The Unwanted Christmas Gift

by Brian Goins

I’m not sure when we starting putting gift receipts in the boxes, but I am all for it. The gift receipt basically says, “I think you’d like this Christmas sweater festooned with bells on the reindeer antlers, but if by chance you don’t or, more than likely, already have one, get what you really want.”

They didn’t start that tradition soon enough. When I was nine I’m sure my Christmas list was nine pages long. Most items had to do with characters I could fit in my Millennium Falcon. So when I felt a heavy box about the size of an X-Wing Fighter, I tore into it (for those who don’t know about Star Wars, I feel sorry for your childhood).

Instead of Star Wars, I read, “Stetson.” The box smelled like a well-worn saddle.

Inside I discovered various bottles and plastic containers entitled Musk, Talcum Powder, and something called, “Toilette Water.” Now that was funny.

There’s always an unexpected, or dare I say, unwanted gift lurking under the Christmas tree.

God has been known to give us his fair share of cologne packs: unexpected or unwanted gifts that make us hunt for a gift receipt.

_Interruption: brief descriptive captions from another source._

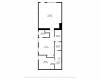 124 95th Street, Brooklyn, New York 11209, 5 Bedrooms Bedrooms, ,3 BathroomsBathrooms,Residential,For Sale,95th,492669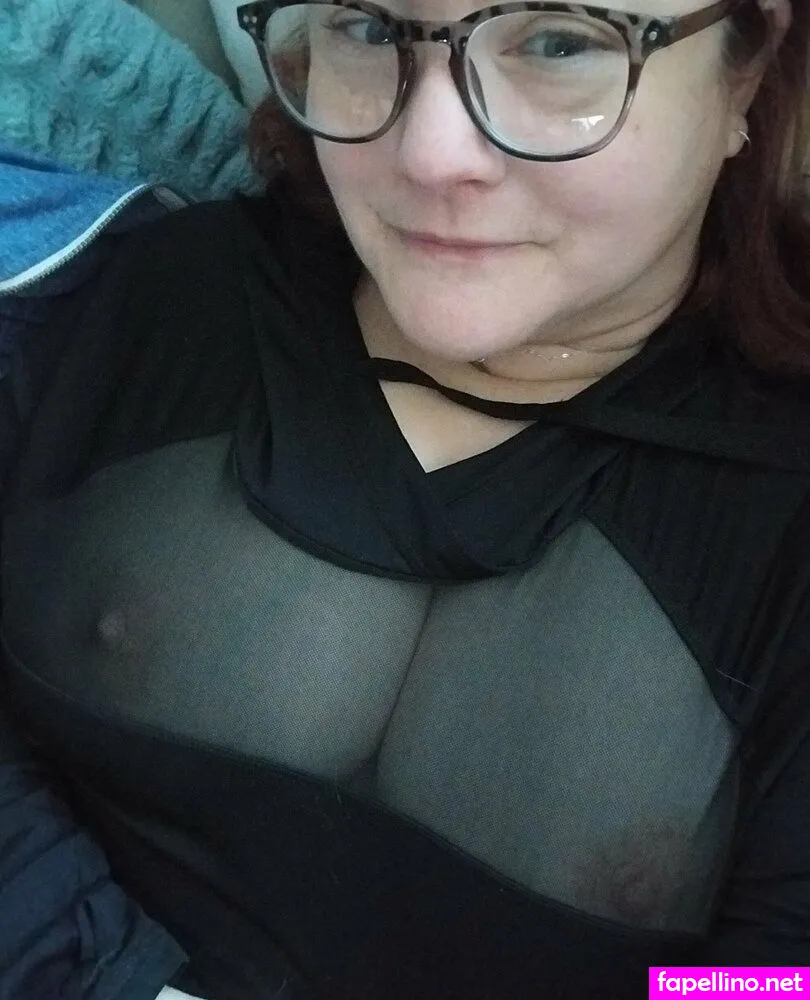 u490427564 Nude Leaked OnlyFans Photo #ETh6XvxhXR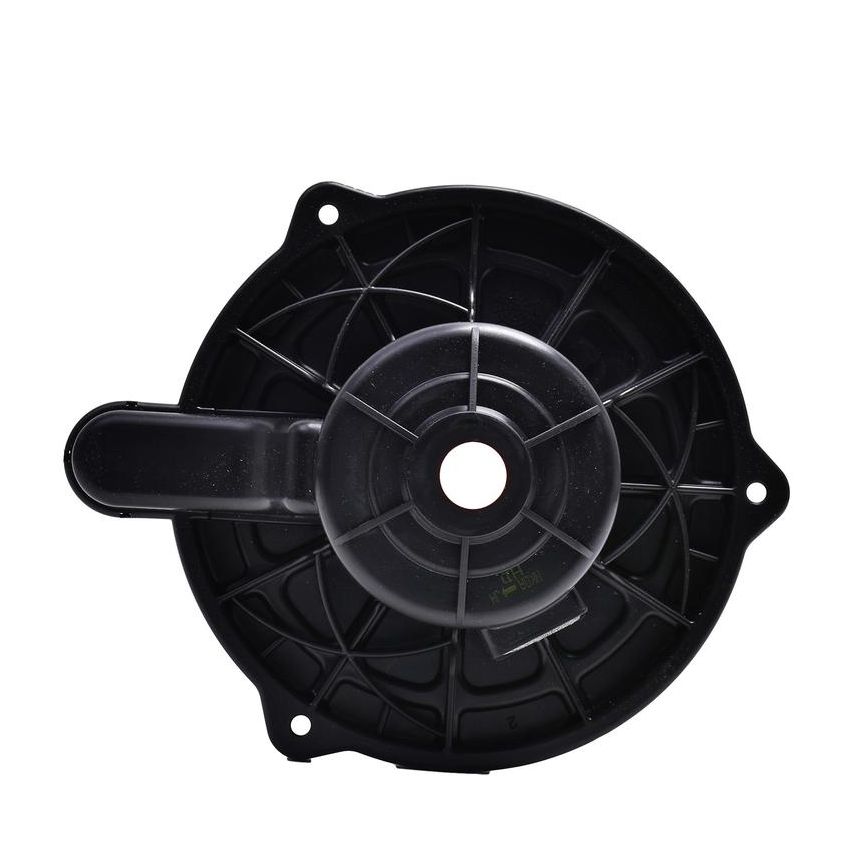 MANDO 32A1007 New OE HVAC Blower Motor, Direct Replacement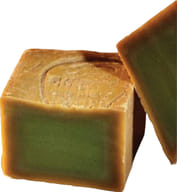 NATURA NOBILIS VERO SAPONE ALEPPO 25 % 200 G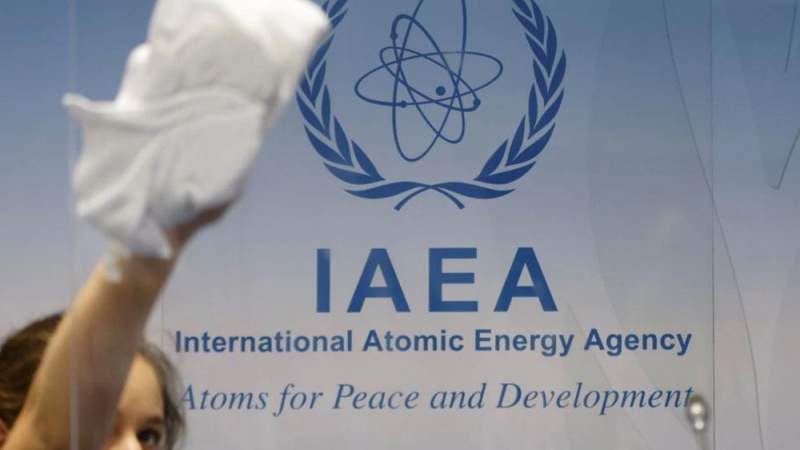 IAEA Primary Instrument of Pre-Aggression, Sets Scene for US, Israeli Unilateral Actions: Analyst
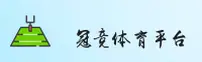 功能与服务详解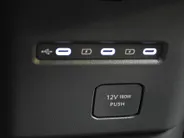 Kia EV2 42,2 kWh 147pk (5-zits) Plus Advanced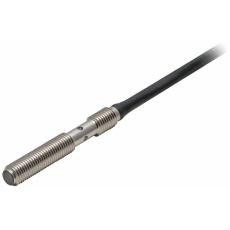 【E2E-S04SR8-WC-B1-2M】小径タイプ近接センサ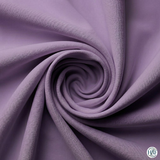 Express Medium Lavender Purple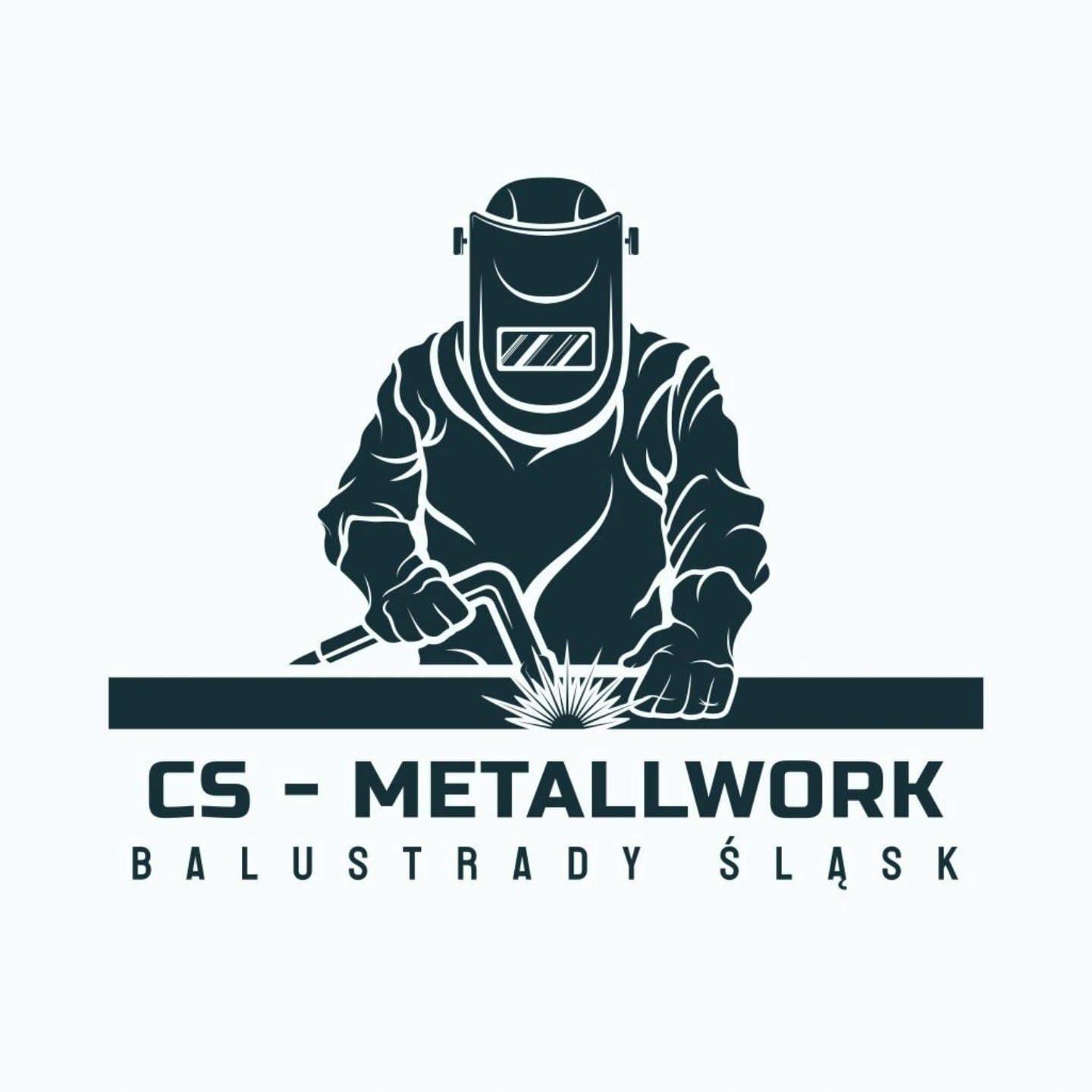 CS - METALLWORK, Gostyń, śląskie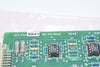 NEW Thermo Environmental ASY 9841 P/N 9840 Rev. E PCB Circuit Board Module 93P307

  • When Joseph’s seven-prison sentence was doubled
  • When Paul was turned down for a date, again (1 Cor. 7:7-8)
  • When young Mary discovered she was pregnant…before she was married
  • When Jesus asked to return the cup his dad gave him

Injustice. Singleness. Reproach. Suffering. I doubt they loved opening those presents. This year, I’d imagine a few of us received some “gifts” we’d rather return.

In Romans, Paul reminds us, “For the gifts and the calling of God are irrevocable” (Rom. 11:29). In other words, when God wraps up the Stetson Cologne Pack, he doesn’t include the gift receipt. Joseph’s gift of injustice gave his family deliverance; Paul’s gift of bachelorhood gave hope to the Gentiles; Mary’s gift of reproach gave us a Savior; and Jesus’ gift of suffering gave us salvation.

What gift from God would you like to return this year? Can you trust that such gifts have a greater purpose than you?

Sometimes God gives us “toilette water” so we might become a pleasing “aroma” to others.